The online copy unfortunately has a blank spot in one of the formula, so I hope I reconstructed the result properly. Below ${}^{(1)}y$ is the first symbol of $y$ (when it exists) or $\varepsilon$ (if $y=\varepsilon$).

Lemma 1 (Pumping Lemma). Let $L$ be a DCFL. Then there exists a constant $C$ for $L$ such that for any pair of words $w,w'\in $ if

(1) $w=xy$ [?] and $w'=xz$, $|x|>C$ and

(2) ${}^{(1)}y = {}^{(1)}z $, [?]

then either (3) or (4) is true:

(3) there is a factorization $x=x_1x_2x_3x_4x_5$, $|x_2x_4|\ge 1$ and $|x_2x_3x_4|\le C$, such that for all $i\ge 0$ $x_1x^i_2x_3x^i_4x_5y$ and $x_1x^i_2x_3x^i_4x_5z$ are in $L$;

(4) there exist factorizations $x=x_1x_2x_3$, $y=y_1y_2y_3$ and $z=z_1z_2z_3$, $|x_2|\ge 1$ and $|x_2x_3|\le C$, such that for all $i\ge 0$ $x_1x^i_2x_3y_1y^i_2y_3$ and $x_1x^i_2x_3z_1z^i_2z_3$ are in $L$.

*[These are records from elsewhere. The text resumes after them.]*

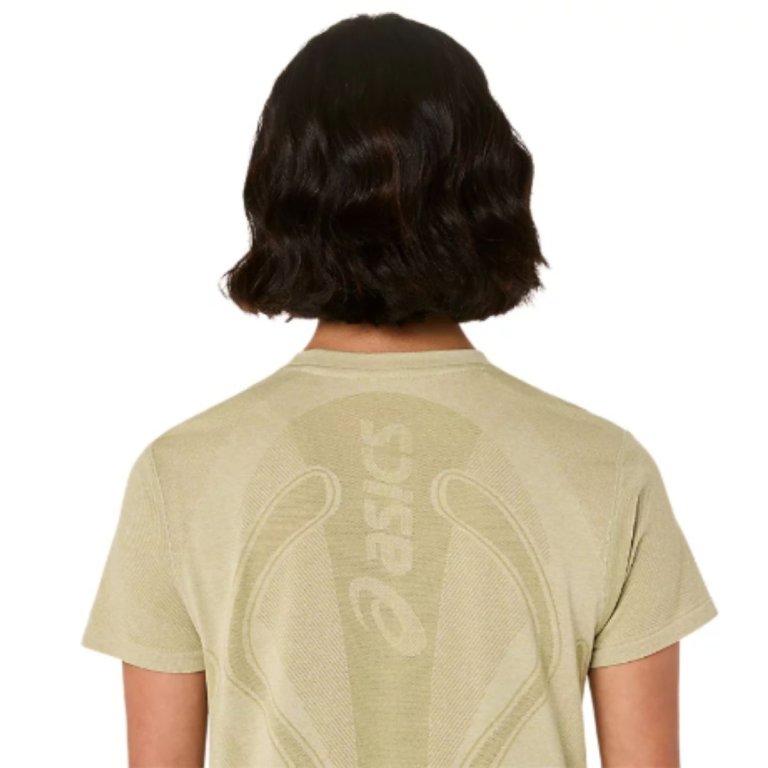 Футболка Asics Road Seamless SS Top W - зелена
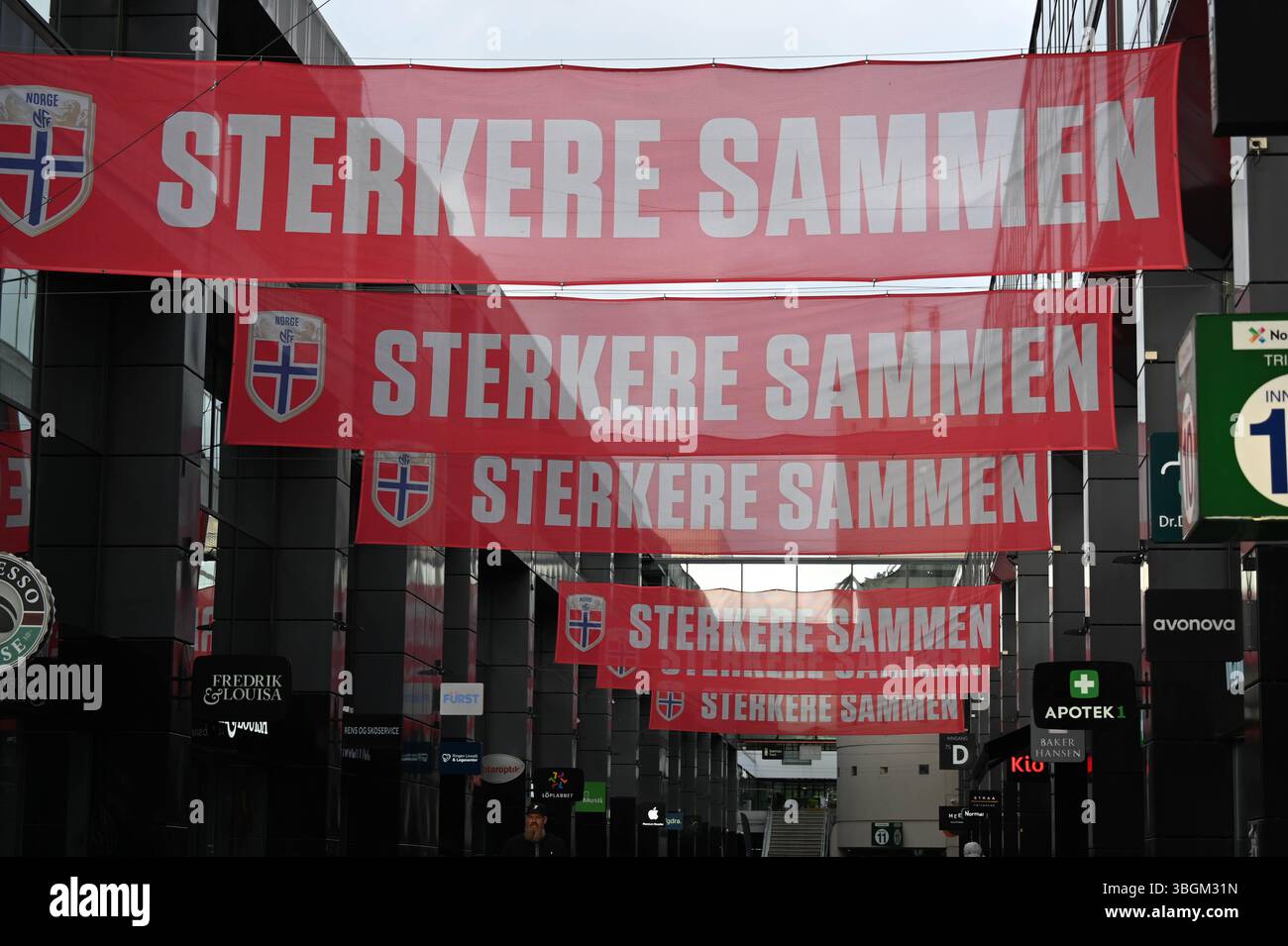 Oslo, Norvège. 05 juin 2025. Ullevaal Stadium Oslo Street pendant les qualifications de la Coupe du monde 2026 - Italie vs Norvège Conférence de presse, match de la Coupe du monde de la FIFA à Oslo, Norvège, 05 juin 2025 crédit : Agence photo indépendante/Alamy Live News Banque D'Images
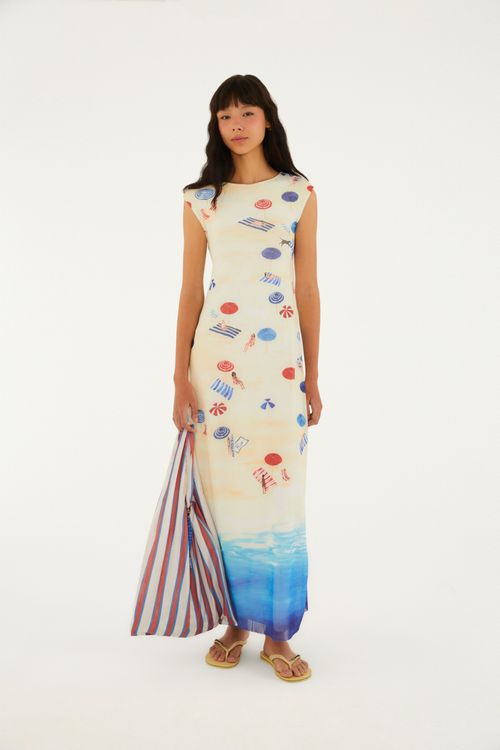 Vestido Tule Praia Do Poa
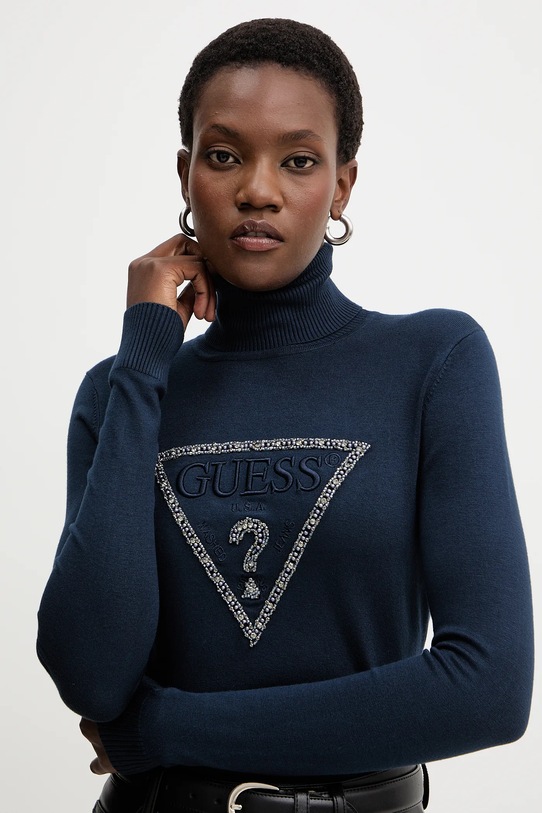 Guess sweter MELANIE granatowy W5BR39.Z2NQ2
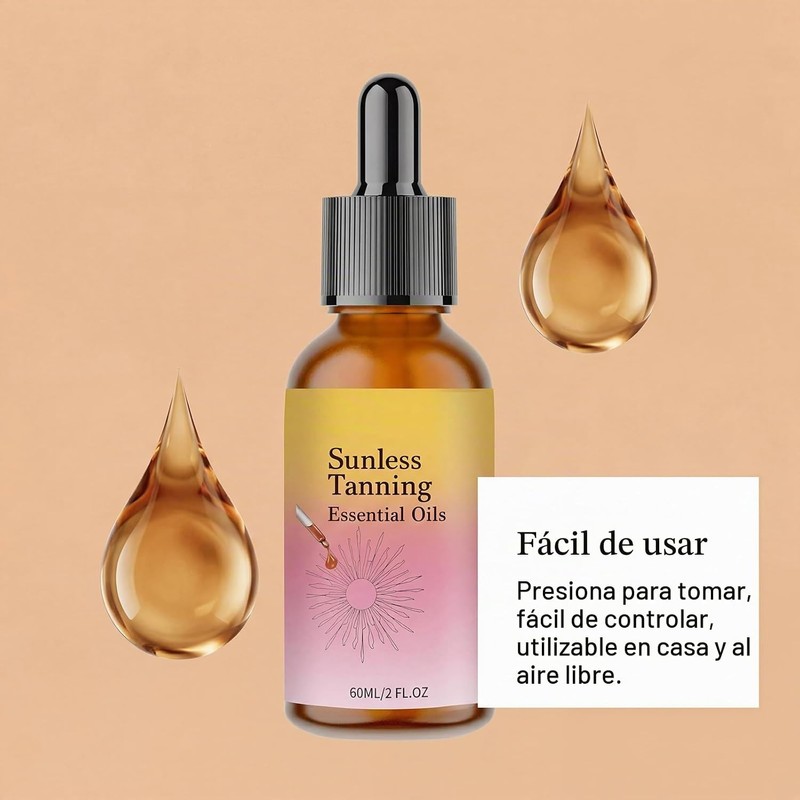 Bluemega Aceite Corporal Bronceador para Oscurecimiento de la Piel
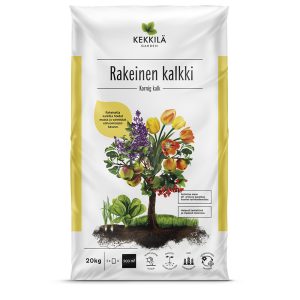 Rakeinen kalkki on helppo levittää tasaisesti
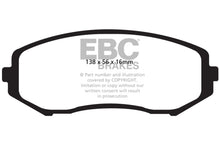 Load image into Gallery viewer, EBC 08+ Suzuki Grand Vitara 2.4 Greenstuff Front Brake Pads
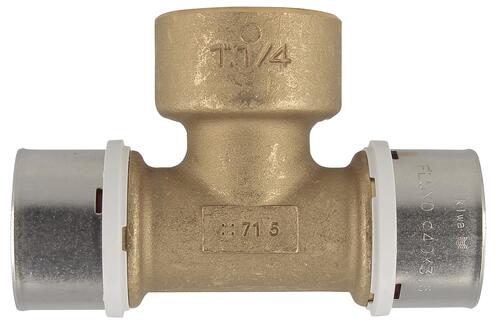 Té fluxo à sertir à viss d.40x1"1/4f - NICOLL - FLT4033F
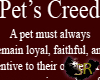 Pet's Creed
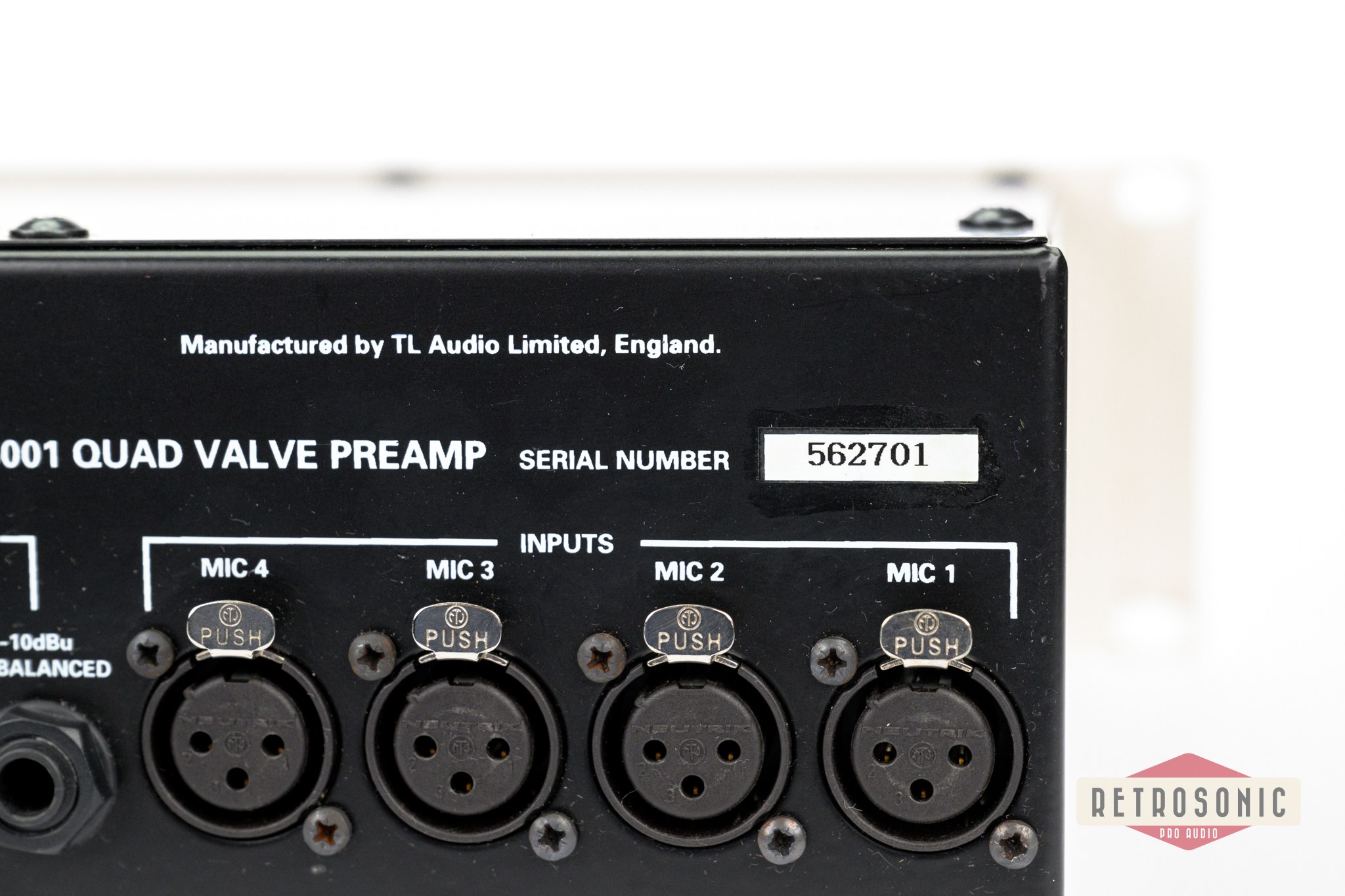 TL Audio TLA 5001 4-ch Tube Mice Preamp #1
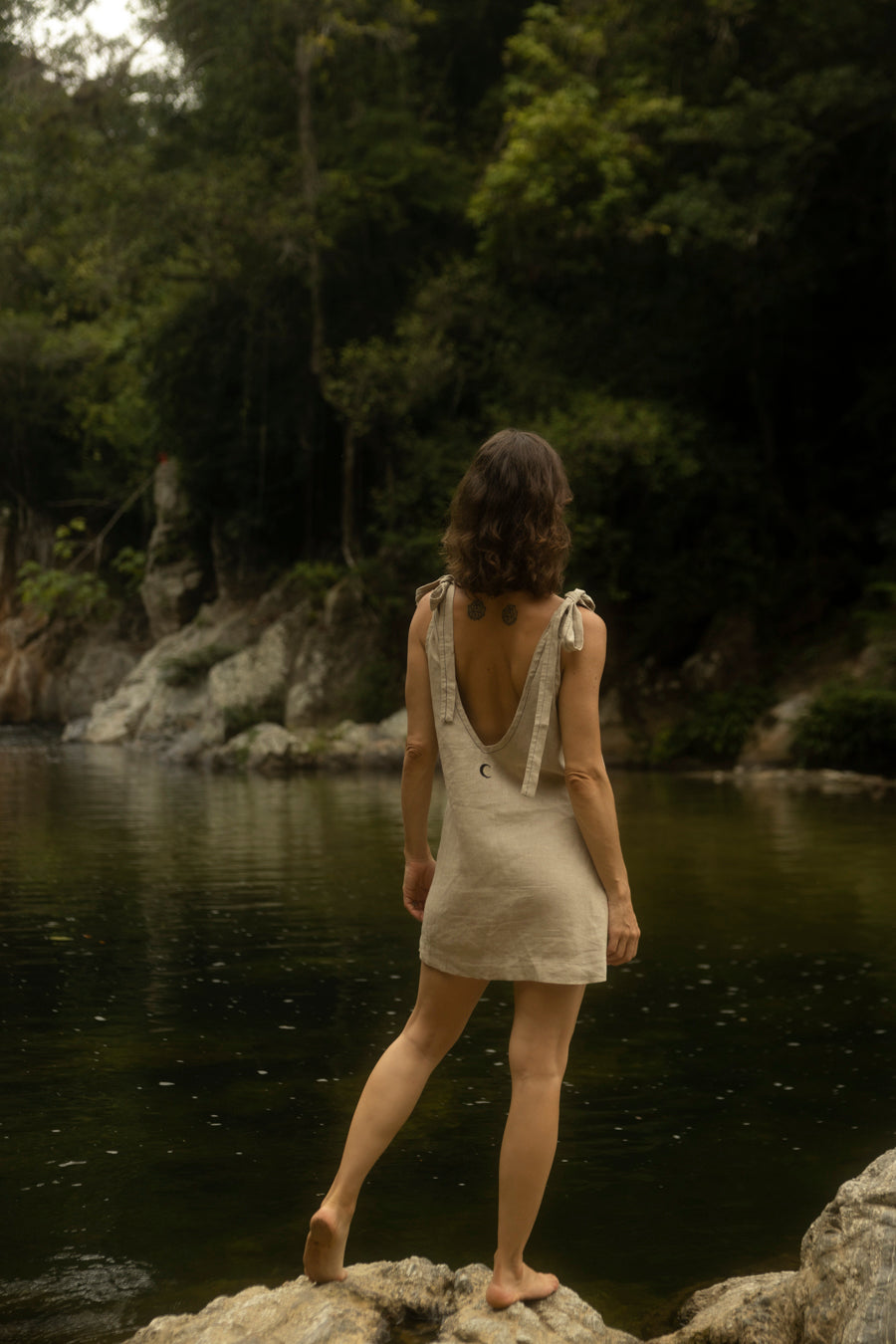 CARACOLI VESTIDO BEIGE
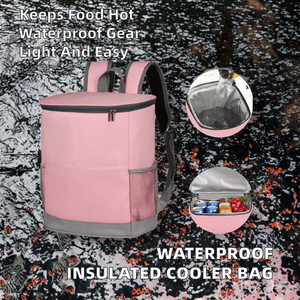 Outdoor Waterproof Thermal Cooler Backpack 15L PE <b>Material</b> Lightweight Insulated for 24h Hot/Cold Retention Food Use - Product Image 2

Two applications of the Lemma are given: $\{ a^ib^i \mid i\ge 0 \} \cup \{ a^ib^{2i} \mid i\ge 0 \}$ as well as $\{ w\in\{a,b\}^* \mid w=uv, |u|=|v|, \mbox{ and } v \mbox{ contains an } a \}$ are not DCFL. The proof uses the fact that each DCFL has an LR(1) grammar in Greibach normal form.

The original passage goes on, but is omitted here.